Re: [PATCH net] net: netlink: prevent potential integer overflow in nlmsg_new()
From: Dan Carpenter
Date: Fri Jan 24 2025 - 09:35:42 EST
On Wed, Jan 22, 2025 at 06:24:27AM -0800, Jakub Kicinski wrote:
> On Wed, 22 Jan 2025 16:49:17 +0300 Dan Carpenter wrote:
> > The "payload" variable is type size_t, however the nlmsg_total_size()
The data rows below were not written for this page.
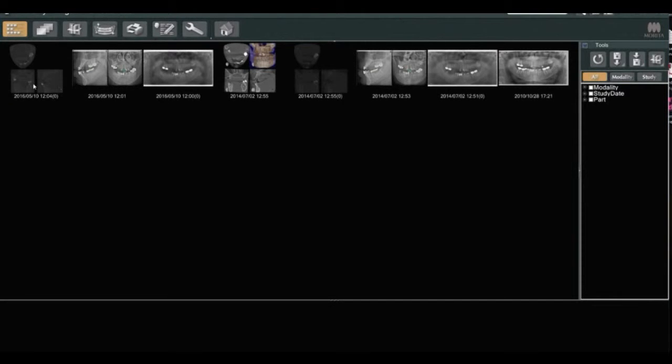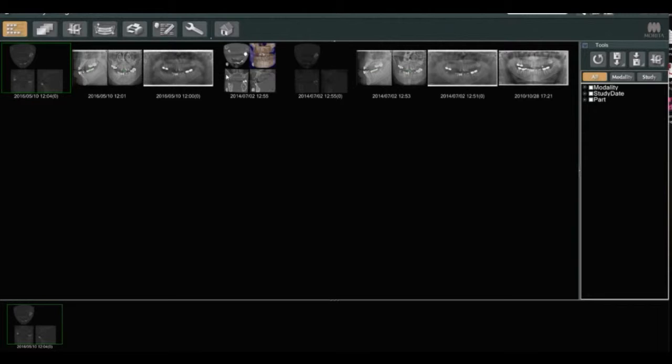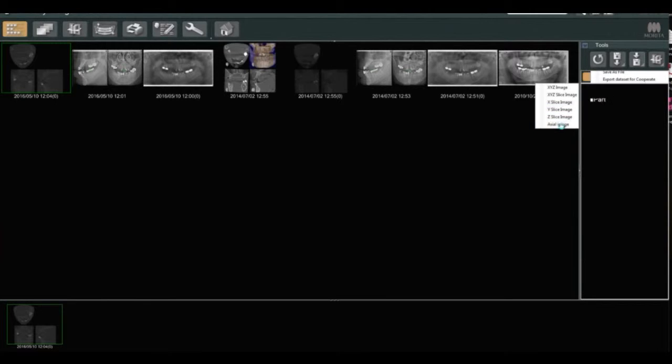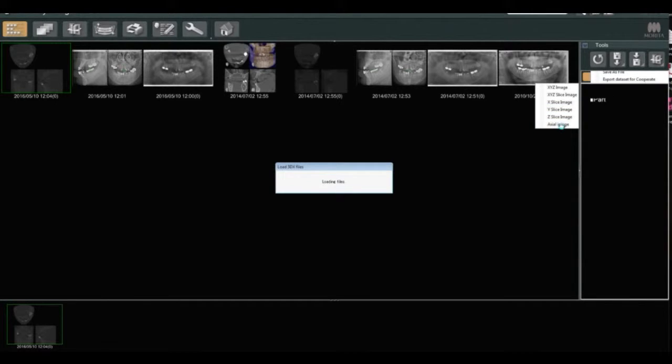Morita CT Scan Equipment: How to Export and Upload to ROE. Highlight the image that you want, then click download, save file as, and pick the axial slice.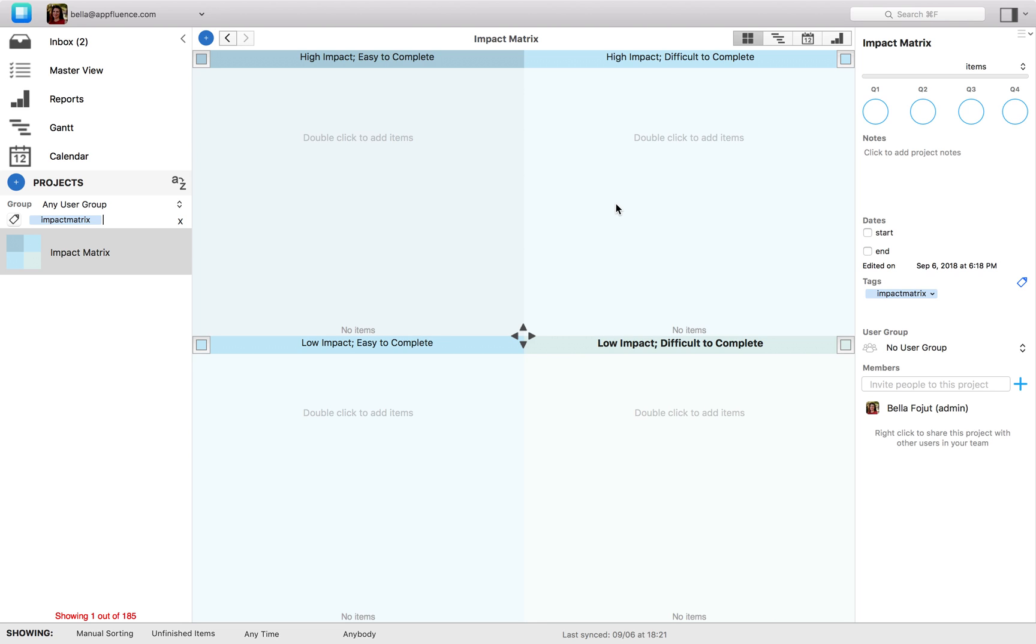Quadrant 2 contains tasks that may be worth doing, but should only be considered after the tasks in quadrant 1 are finished. They are difficult to accomplish, but of a high impact.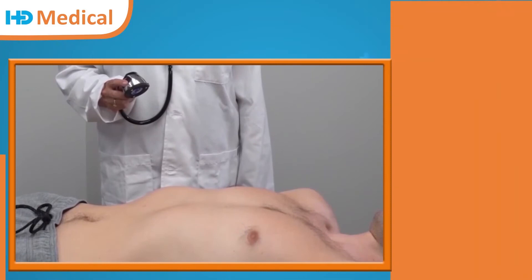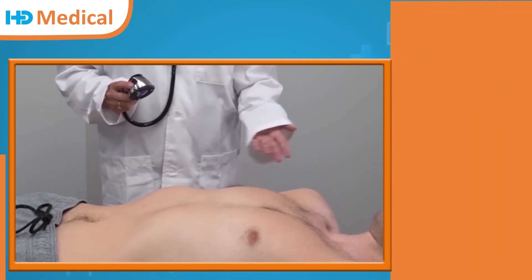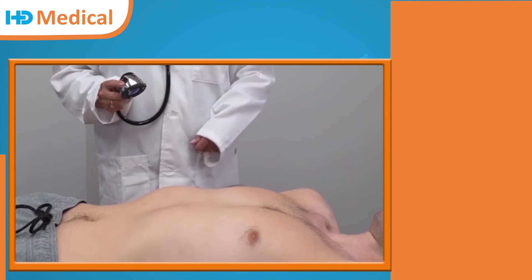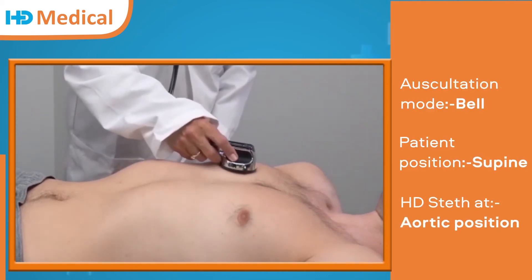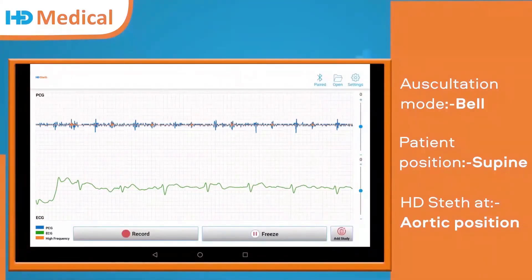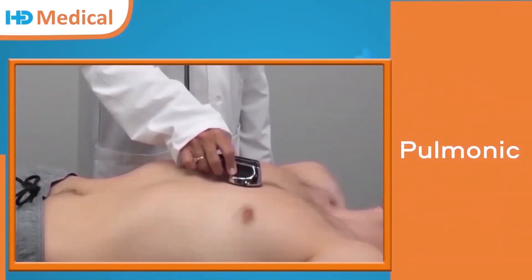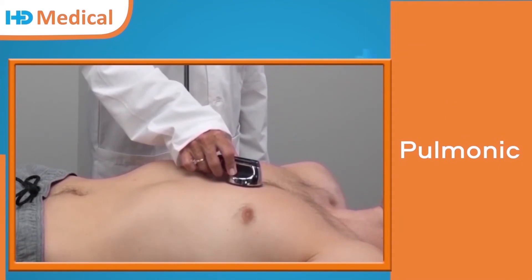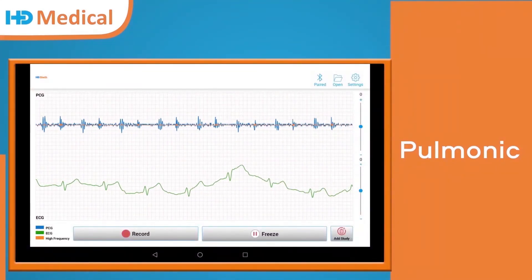These are the same positions for dia and lung. My patient, who has personal training experience, is now in the supine position. First, we are going to check the aortic position. Aortic waveform. Pulmonic position. This is the auscultation waveform for pulmonic.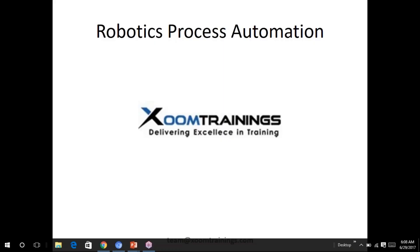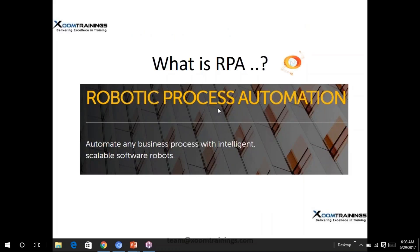Let's start with robotic process automation — this is a hot topic everyone should know about. I'm giving you a small demo and will cover all your questions and queries. So what exactly is RPA? It is to automate any business process with intelligent, scalable software robots.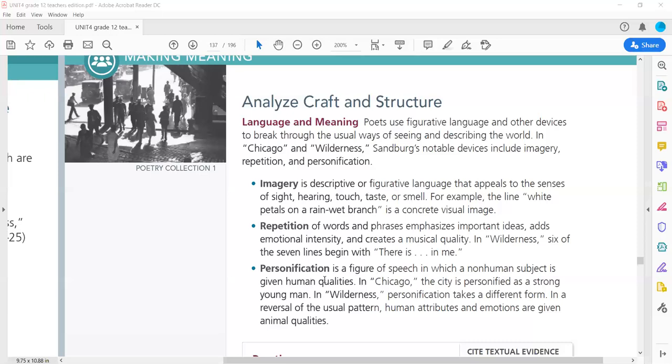Personification is a figure of speech in which a non-human subject is given human qualities. In Chicago, the city is personified as a strong young man. In Wilderness, personification takes a different form. In the reversal of the usual pattern, human attributes and emotions are given animal qualities.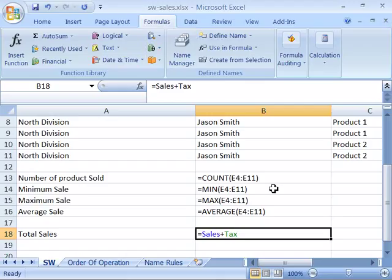Viewing your formulas either on the screen or on a hard copy can help you troubleshoot problems or errors that might be occurring in your worksheet. Go ahead and take a moment — on your sales monthly worksheet, go ahead and view your formulas. Turn them on and off and print out a copy so that you can see what that will look like.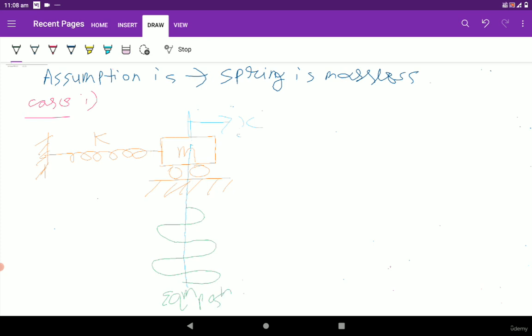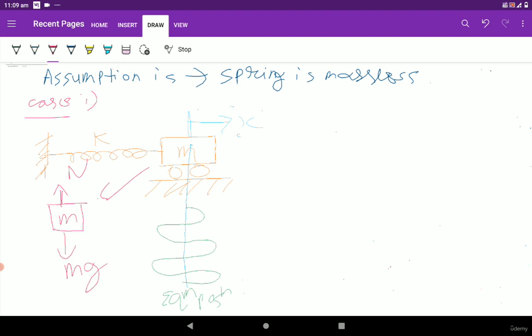Two types of forces act on the system. Drawing the free body diagram for the block of mass m, we have: mg acting downward, the inertial force Fi, and the spring force Fs acting in the left-hand side direction.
> > function will a few bytes to it and then truncate the result to type
> > int. That means that if "payload" is more than UINT_MAX the alloc_skb()
> > function might allocate a buffer which is smaller than intended.
>
> Is there a bug, or is this theoretical?
The rule here is that if we pass something very close to UINT_MAX to
nlmsg_new() the it leads to an integer overflow. I'm not a networking
expert. The caller that concerned me was:
*** 1 ***
net/netfilter/ipset/ip_set_core.c
1762 /* Error in restore/batch mode: send back lineno */
1763 struct nlmsghdr *rep, *nlh = nlmsg_hdr(skb);
1764 struct sk_buff *skb2;
1765 struct nlmsgerr *errmsg;
1766 size_t payload = min(SIZE_MAX,
1767 sizeof(*errmsg) + nlmsg_len(nlh));
I don't know the limits of limits of nlmsg_len() here.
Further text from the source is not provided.